9. Review the names of all session tokens issued by the application to identify the technologies being used.
10. Use lists of common technologies, or Google, to establish which technologies may be in use on the server, or discover other websites and applications that appear to employ the same technologies.
11. Perform searches on Google for the names of any unusual cookies, scripts, HTTP headers, and the like that may belong to third-party software components. If you locate other application in which the same components are being used, review these to identify any additional functionality and parameters that the components support, and verify whether these are also present in your target application. Note that third-party components may look and feel quite different in each implementation, due to branding customizations, but the core functionality, including any script and parameter names, is often the same. If possible, download and install the component and analyze it to fully understand its capabilites and, if possible, discover any vulnerabilities. Consult repositories of knownb vulnerabilites to identify any known defects with the component in question.

Identifying Server-Side Functionality:

1. Review the names and values of all parameters being submitted to the application in the context of the functionality they support.
2. Try to think like a programmer, and imagine what server-side mechanisms and technologies are likely to have been used to implement the behavior you can observe.

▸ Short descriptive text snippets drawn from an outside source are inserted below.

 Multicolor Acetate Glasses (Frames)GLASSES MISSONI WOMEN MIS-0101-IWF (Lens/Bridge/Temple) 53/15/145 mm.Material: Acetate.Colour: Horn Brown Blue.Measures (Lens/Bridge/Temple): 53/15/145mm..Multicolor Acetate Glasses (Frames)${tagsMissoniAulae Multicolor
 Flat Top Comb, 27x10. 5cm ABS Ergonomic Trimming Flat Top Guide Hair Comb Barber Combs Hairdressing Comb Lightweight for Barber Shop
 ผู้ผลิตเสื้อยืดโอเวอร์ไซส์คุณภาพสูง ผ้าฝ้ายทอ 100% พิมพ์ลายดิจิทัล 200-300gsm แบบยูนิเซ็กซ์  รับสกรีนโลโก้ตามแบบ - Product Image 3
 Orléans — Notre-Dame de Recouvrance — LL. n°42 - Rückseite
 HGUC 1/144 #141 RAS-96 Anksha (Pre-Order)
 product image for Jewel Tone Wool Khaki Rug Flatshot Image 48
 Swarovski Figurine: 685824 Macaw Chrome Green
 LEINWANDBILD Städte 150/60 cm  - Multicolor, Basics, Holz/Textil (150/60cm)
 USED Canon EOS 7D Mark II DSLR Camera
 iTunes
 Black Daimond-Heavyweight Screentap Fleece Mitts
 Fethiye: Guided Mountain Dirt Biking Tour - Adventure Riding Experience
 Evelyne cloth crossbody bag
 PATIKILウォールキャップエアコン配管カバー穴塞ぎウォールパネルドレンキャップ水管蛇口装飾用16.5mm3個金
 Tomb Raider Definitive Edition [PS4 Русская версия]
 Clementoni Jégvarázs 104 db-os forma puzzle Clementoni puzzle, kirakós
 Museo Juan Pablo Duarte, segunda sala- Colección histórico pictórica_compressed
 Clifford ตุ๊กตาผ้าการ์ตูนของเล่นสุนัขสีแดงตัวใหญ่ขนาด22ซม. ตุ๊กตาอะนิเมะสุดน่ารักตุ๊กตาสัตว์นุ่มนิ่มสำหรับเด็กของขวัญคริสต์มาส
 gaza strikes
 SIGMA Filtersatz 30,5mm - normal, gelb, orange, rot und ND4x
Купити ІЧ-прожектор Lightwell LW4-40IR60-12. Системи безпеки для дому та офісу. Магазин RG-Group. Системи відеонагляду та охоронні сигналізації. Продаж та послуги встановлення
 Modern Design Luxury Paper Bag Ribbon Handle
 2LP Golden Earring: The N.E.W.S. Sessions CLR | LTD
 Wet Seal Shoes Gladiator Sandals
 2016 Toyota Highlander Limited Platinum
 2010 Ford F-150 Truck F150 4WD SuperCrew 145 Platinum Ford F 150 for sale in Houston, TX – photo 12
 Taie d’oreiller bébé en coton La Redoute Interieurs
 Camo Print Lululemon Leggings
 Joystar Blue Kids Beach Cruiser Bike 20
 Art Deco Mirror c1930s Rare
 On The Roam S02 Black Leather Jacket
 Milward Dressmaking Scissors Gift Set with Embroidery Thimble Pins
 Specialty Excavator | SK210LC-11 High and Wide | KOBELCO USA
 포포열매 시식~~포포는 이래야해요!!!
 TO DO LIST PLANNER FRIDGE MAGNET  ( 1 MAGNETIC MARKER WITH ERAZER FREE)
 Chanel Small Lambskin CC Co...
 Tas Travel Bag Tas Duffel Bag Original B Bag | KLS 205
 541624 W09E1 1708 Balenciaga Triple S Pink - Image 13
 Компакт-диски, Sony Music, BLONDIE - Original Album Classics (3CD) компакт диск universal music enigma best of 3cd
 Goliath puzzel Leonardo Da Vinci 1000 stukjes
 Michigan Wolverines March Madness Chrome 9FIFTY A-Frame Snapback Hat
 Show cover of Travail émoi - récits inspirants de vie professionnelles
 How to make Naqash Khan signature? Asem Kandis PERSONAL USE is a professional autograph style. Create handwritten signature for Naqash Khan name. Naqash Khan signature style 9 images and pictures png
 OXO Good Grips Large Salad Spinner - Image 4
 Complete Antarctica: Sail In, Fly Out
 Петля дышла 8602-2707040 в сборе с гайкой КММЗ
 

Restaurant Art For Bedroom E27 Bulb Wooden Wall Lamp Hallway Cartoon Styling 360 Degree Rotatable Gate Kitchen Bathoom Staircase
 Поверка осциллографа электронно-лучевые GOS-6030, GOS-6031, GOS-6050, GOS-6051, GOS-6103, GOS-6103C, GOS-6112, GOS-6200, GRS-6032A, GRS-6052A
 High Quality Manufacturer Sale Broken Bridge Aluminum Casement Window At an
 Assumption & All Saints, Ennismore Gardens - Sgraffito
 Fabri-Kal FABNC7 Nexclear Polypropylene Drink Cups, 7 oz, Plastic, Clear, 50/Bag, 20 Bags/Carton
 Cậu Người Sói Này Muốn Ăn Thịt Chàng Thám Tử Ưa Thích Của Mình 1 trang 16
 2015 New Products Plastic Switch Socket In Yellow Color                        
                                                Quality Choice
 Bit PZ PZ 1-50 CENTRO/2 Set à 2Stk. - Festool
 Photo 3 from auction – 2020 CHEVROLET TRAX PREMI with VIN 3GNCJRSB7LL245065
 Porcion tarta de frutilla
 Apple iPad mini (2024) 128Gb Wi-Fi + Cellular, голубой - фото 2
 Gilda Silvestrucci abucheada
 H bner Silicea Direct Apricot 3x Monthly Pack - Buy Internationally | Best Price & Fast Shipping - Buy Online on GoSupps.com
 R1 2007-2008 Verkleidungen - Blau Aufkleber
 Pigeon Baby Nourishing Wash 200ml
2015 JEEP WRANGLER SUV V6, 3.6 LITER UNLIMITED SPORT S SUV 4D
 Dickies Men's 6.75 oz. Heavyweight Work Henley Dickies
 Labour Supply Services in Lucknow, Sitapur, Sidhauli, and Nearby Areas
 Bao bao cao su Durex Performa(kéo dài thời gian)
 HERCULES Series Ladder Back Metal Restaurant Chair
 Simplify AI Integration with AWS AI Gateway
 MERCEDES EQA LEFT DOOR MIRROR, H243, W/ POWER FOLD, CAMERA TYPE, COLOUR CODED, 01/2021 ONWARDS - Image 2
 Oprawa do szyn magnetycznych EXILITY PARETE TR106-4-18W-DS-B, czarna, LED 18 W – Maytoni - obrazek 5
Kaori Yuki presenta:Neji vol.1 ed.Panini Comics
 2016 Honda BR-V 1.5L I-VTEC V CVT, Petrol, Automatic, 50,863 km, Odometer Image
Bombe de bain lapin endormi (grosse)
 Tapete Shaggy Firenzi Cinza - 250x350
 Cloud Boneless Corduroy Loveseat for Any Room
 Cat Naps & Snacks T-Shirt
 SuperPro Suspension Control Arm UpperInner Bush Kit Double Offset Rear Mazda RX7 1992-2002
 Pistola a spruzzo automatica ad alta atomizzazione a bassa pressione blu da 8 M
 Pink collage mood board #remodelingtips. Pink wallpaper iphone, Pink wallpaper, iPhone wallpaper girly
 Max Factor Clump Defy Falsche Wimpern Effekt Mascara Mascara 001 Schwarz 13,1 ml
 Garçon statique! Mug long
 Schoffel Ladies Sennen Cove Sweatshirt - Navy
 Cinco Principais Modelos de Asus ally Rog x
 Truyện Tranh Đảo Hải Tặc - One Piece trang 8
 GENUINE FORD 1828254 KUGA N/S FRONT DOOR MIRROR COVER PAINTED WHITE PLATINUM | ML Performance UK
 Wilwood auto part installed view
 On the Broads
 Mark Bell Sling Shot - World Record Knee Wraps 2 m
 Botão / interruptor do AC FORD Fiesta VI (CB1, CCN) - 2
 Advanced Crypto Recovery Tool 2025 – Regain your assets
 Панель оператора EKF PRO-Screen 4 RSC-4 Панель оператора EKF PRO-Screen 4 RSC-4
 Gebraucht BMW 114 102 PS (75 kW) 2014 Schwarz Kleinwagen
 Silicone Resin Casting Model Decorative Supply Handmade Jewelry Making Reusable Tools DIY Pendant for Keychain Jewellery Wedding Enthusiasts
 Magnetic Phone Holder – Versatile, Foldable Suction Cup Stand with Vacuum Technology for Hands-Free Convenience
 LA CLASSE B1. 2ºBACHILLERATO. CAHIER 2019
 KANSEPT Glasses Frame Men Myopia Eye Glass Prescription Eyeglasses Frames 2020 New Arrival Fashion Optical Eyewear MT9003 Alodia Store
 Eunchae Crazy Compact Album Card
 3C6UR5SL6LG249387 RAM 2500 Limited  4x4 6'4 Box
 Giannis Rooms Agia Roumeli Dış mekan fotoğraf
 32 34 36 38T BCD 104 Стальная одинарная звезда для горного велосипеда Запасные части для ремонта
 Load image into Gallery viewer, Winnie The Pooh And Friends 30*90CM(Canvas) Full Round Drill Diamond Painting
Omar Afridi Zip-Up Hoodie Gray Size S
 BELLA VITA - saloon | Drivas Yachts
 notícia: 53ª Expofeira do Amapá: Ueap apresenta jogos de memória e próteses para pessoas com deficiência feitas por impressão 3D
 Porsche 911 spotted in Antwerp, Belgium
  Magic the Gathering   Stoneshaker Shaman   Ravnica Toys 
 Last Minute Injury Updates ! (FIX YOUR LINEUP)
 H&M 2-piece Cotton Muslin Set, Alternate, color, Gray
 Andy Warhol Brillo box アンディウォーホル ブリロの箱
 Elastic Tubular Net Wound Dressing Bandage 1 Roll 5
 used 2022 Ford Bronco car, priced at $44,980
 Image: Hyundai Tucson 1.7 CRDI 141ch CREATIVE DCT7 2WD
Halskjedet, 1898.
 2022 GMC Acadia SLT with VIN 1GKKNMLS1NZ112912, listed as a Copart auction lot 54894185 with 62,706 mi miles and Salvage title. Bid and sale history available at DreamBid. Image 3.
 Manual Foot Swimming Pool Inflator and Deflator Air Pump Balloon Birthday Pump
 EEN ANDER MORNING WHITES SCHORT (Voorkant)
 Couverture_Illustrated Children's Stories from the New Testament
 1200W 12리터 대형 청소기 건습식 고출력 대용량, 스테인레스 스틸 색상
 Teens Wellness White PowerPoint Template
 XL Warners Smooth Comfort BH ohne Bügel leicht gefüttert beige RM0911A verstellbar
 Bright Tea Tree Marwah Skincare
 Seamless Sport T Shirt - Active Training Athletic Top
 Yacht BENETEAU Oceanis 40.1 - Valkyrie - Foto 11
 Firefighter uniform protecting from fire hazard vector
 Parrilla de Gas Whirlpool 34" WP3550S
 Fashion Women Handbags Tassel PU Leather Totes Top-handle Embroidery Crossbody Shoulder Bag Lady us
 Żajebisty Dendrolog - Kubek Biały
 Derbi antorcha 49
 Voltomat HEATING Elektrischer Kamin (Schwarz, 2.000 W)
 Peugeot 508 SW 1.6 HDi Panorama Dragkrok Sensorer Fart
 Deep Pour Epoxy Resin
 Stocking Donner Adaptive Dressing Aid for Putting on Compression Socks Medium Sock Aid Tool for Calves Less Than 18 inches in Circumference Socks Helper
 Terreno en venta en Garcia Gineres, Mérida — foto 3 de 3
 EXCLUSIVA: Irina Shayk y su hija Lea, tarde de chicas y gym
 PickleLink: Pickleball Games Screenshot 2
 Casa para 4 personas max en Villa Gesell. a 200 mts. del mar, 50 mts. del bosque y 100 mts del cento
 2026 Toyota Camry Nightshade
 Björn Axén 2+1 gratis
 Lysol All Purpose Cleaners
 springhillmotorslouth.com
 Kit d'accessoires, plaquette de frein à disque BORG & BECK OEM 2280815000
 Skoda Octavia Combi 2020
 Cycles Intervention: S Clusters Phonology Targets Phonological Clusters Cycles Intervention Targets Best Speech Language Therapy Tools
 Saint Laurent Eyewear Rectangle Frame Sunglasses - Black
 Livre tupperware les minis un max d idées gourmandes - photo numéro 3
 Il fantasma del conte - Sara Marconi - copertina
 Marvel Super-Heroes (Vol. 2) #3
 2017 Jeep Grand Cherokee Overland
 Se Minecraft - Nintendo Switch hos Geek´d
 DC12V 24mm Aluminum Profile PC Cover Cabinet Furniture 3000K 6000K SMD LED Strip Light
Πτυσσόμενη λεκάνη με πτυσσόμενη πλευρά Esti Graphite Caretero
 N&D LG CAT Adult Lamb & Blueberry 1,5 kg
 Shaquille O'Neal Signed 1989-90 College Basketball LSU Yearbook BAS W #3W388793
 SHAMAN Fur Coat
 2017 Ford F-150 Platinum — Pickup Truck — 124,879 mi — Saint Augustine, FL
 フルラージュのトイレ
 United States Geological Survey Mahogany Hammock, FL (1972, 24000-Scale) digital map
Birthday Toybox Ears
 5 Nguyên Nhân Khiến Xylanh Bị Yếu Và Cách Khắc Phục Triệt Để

Extrapolating Application Behavior:

1. Try to identify any locations within the application that may contain clues about the internal structure and functionality of other areas.
2. It may not be possible to draw any firm conclusions here; however, the cases identified may prove useful at a later stage of the attack when you're attempting to exploit any potential vulnerabilities.

Isolating Unique Application Behavior:

1. Make a note of any functionality that diverges from the standard GUI appearance, parameter naming, or navigation mechanism used within the rest of the application.
2. Also make a note of functionality that is likely to have been added retrospectively. Examples include debug functions, CAPTCHA controls, usage tracking, and third-party code.
3. Perform a full review of these areas, and do not assume that the standard defenses used elsewhere in application apply.

Mapping the Application:

1. Understand the core functionality implemented within the application and the main security mechanisms in use.
2. Identify all features of the application's functionality and behavior that are often associated with common vulnerabilites.
3. Check any third-party code against public vulnerability databases such as whitesource or exploit-db to determine any known issues.
4. Formulate a plan of attack, prioritizing the most interesting-looking functionality and the most serious of the associated potential vulnerabilites.

Key Functionality and Potential Vulnerabilities:

• Client-side validation ==> Checks may not be replicated on the server.
• Database interaction ==> SQL injection
• File uploading and downloading ==> Path traversal vulnerabilites, stored XXS
• Display of user-supplied data ==> XXS
• Dynamic Redirects ==> Redirection and header injection attacks
• Social networking features ==> username enumeration, stored XSS
• Login ==> username enumeration, weak passwords, ability to use brute force
• Multistage Login ==> Logic flaws
• Session State ==> Predicatable tokens, insecure handling of tokens
• Access Controls ==> Horizontal and vertical privilege escalation
• User Impersonation Functions ==> Priv esc
• Use of cleartext communications ==> Session hijacking, capture of credentials and other sensitive data.
• Off-Site Links ==> Leakage of query string parameters in the Referer header
• Interfaces to External Systems ==> Shortcuts in the handling of sessions and/or access controls
• Error Messages ==> Information leakage
• E-mail Interaction ==> E-mail and/or command injection
• Native Code Components or Interaction ==> Buffer Overflows
• Use of third-party Application Components ==> Known vulnerabilities
• Identifiable Web Server Software ==> Common configuration weaknesses, know software bugs.